Jesus Christ, Romero!

As I write this post, I'm wearing a shirt I got as a giveaway at the Phillies' second home game last year, which they billed as "Opening Night." It was probably the most-frustrating Phillies loss I've ever seen in person. My girlfriend and I got standing-room tickets (I almost said seats here) and were treated to the spectacle of Hamels holding the Nats to 1 run over eight innings, only to be outdueled by, of all people, Tim Redding. The Phillies only got 1 hit that night. Lost amid this recounting is my best memory of that game, in which JC Romero came in with 1 out and runners on base in the ninth, then induced a double play with 1 pitch, getting Cole off the hook and giving the Phillies new life heading into the bottom of the ninth, down by a run.

I remember turning to the guy next to me, who was also turning to me. We both had 1 finger up, as if to tell each other "1 pitch!" We high-fived instead, and I noticed that my girlfriend had made eye contact with his girlfriend, and the pair of them were looking at us like we were crazy. "Jesus Christ Romero," this guy announced, "has just saved my soul." It was pretty incredible. Far and away the best thing that happened all night.
Romero has been exactly that over his time here, a saver of souls, if not games. As fans, we worry about things. Pitch counts, motivation, talent or lack thereof, the psychological makeup of people we will never meet. We obsess, a little. Over my years as a Phillies' fan, I have probably worried about the bullpen more than anything else, have fantasized about Jose Mesa and Rheal Cormier being taken to the woodshed by a guy named Vito, have wished Wayne Gomes would go on a diet, have wanted to kill Mitch Williams... you get the point.
The real difference between this year's team and the team that was bounced in Colorado was the bullpen.
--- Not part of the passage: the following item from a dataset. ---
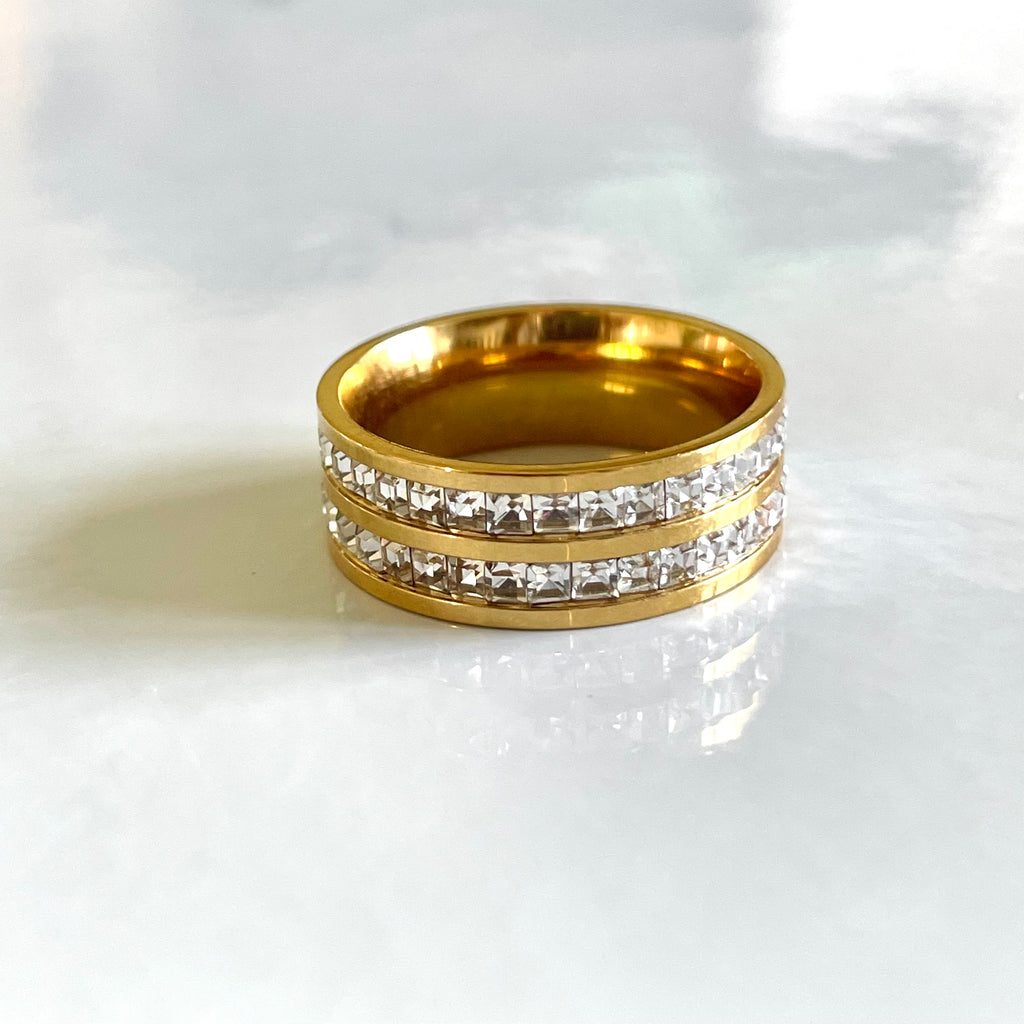 Via Aurea Ring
I remember listening to WIP two years ago, when Eskin was hosting a contest to nickname the bullpen, as a way to perhaps breathe some life into Mesa, Alfonseca et al. While I didn't partake in this cathartic exercise, not wishing for Eskin to rip my idea ("The Murdered Row") to pieces, it did highlight the Phillies major weakness that year. The Phillies consistently built a lead, then tried to weather the storm for nine outs or so, trying to outrun the inevitab meltdown on the road to Myers' uncertain relief. Even if they'd swung the bats against Colorado, this was not a team built for success in the playoffs.
Romero, even then, was the only reliever you felt confident with that whole year, and he was even better last year. Since he's been in the bullpen, the Phillies have had a soothing constant, a guy they could rely on. While the Phillies have addressed the bullpen, while he is no longer the lynchpin, he was absolutely crucial to the dominance of the bullpen in the playoffs last year, second only to Lidge. He was Pepto Bismol.
There are, as I said, things it is normal to worry about with bullpens, things that just come with the territory. But this? This 50-game suspension, handed down inflexibly by Selig and his goons, stands as an absurd example of corporate thinking run amok. The story, if you haven't heard, goes as follows: some time last year, Romero bought an over the counter supplement called 6-OXO Extreme from the GNC in Cherry Hill, looked on the label, found no ingredient that was banned by baseball, and took the supplement. Sometime later, Romero was tested for steroids, and it was discovered that his urine contained trace amounts of androstenedione, a banned steroid. Since this test occurred before the World Series, and the powers that be MLB did not want a player with a positive drug test in the Series, a deal was offered, which Romero declined, to reduce the suspension to 25 games, provided they included the postseason.
There are reasons for the hard line taken by the MLB. Romero DID piss andro. Andro IS a steroid. The MLB does have a blanket policy for positive steroid tests, a policy basically foisted on Selig by Congress at the height of the era of Bushian hubris, when Congress put its nose in all manner of places where it did not belong. They do not care how the andro got there, the fact is that it is there, and must be paid for.
This is really sad. It helps no one and nothing to avoid any distinction between Bonds, Clemens, players who knowingly stuffed massive amounts of steroids into their bodies, people who will need some luck to avoid ending up like Ken Caminiti and Rod Beck, people who cheated both the game and themselves, and people like Romero who unwittingly took a supplement with an amount of andro so small it didn't even rate an entry under active ingredients. This is madness. An Inquirer source indicated that the amount of andro, which was again not even listed on the bottle, "was well below any level that would enhance an athlete's performance." Romero made a reasonable assumption that something as hazardous as ando would have been mentioned. It was not. And he is being punished for it.
This suspension is a HUGE, HUGE problem for the Phillies. They will need to find a way to fill the void until Romero is back, which looms as the biggest potential headache moving forward. It's notoriously hard to predict things with bullpens, but this thing could easily snowball. There seem to be some hexes hanging over the Phillies already, and this is certainly one of them. 

January 07, 2009

A Kiss to Build a Dream On

Give me a kiss to build a dream on

And my imagination will thrive upon that kiss.
Sweetheart, I ask no more than this
A kiss to build a dream on.

Give me a kiss before you leave me
And my imagination will feed my hungry heart
Leave me one thing before we part
A kiss to build a dream on.

So says Louis Armstrong to the one he loves, and who are we to disagree? After the Eagles beat the Viking horde, I had some trouble deciding what it meant. Watching McNabb dance on the sidelines, rejoicing in this, his most redemptive performance of his entire career, I felt like I needed to go back to my little personal drawing board, redraw my criteria, reconsider the wheels and pulleys that now define my feelings towards the birdmen, and come to terms with this win.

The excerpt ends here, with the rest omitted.